Oil paintCardboardPaint
21 ⨯ 30 cm
ConditionOriginal
€ 425

MONASCH FINE ART - European & Russian art since 1999

  • About the artwork
    Tumbasov, Anatoli
    Animals
    21 x 30
    Oil on Card
    1954
  • About the artist

    Anatoly Nikolaevich Tumbasov was a creative visual artist. Born in 1925, Anatoly Nikolaevich Tumbasov passed away in 2001. 

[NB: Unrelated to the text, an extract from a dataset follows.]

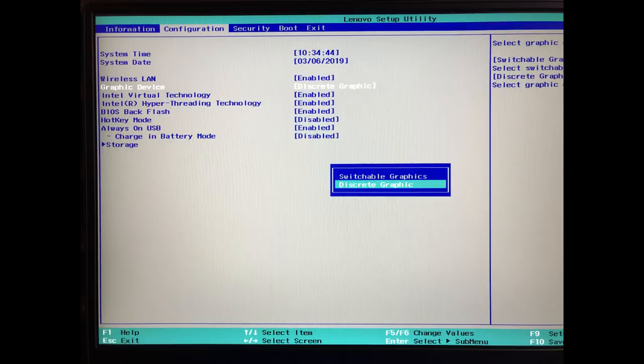Before we wrap this up, let's have a listen to the audio performance from the Y740 and compare it to the Aero 15.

    Born in 1925, Anatoly Nikolaevich Tumbasov was largely influenced by the 1930s growing up. Throughout the 1930s, many political ideologies such as Marxist Socialism, Capitalist Democracy, and the Totalitarianism of both Communism and Fascism were engaged in struggles for dominance, and characterised the political atmosphere of the era. In the Soviet Union, Stalin’s government was in dire need of urgent funds to implement the industrialisation of the Five Year Plan. In a covert bid to acquire funds, the government proposed to sell off assets from the State Hermitage Museum in Leningrad (St. Petersburg), which included some two hundred and fifty paintings by the Old Masters, a number of which had been deemed irreplaceable. Many of the pieces came to be owned by Andrew Mellon, via the New York based art dealing company, Knoedler. In the United States, the Great Depression had a severe impact on artistic output, and artists began to focus on the idea of humility and of the ordinary man on the streets. The focus of art in the United States also began to take a more political turn for the first time, and artists used these topics and ideas to try to impact society. Themes such as poverty, lack of affordable housing, anti-lynching, anti-fascism, and workers' strikes became prevalent in the work of many artists. In Europe, Surrealism continued to be prevail, and had grown to have influence worldwide. Leading artists took the ideas posed by Surrealism and incorporated them into their radical political philosophies, creating a new kind of magic realism. This was exemplified in the work of artists such as Frida Kahlo and Diego Riviera in Mexico. By the end of the decade, the Second World War had begun, having been aided by Adolf Hitler’s rise to power in Germany in 1933. This political furore would go on to preoccupy both artists and the worldwide population.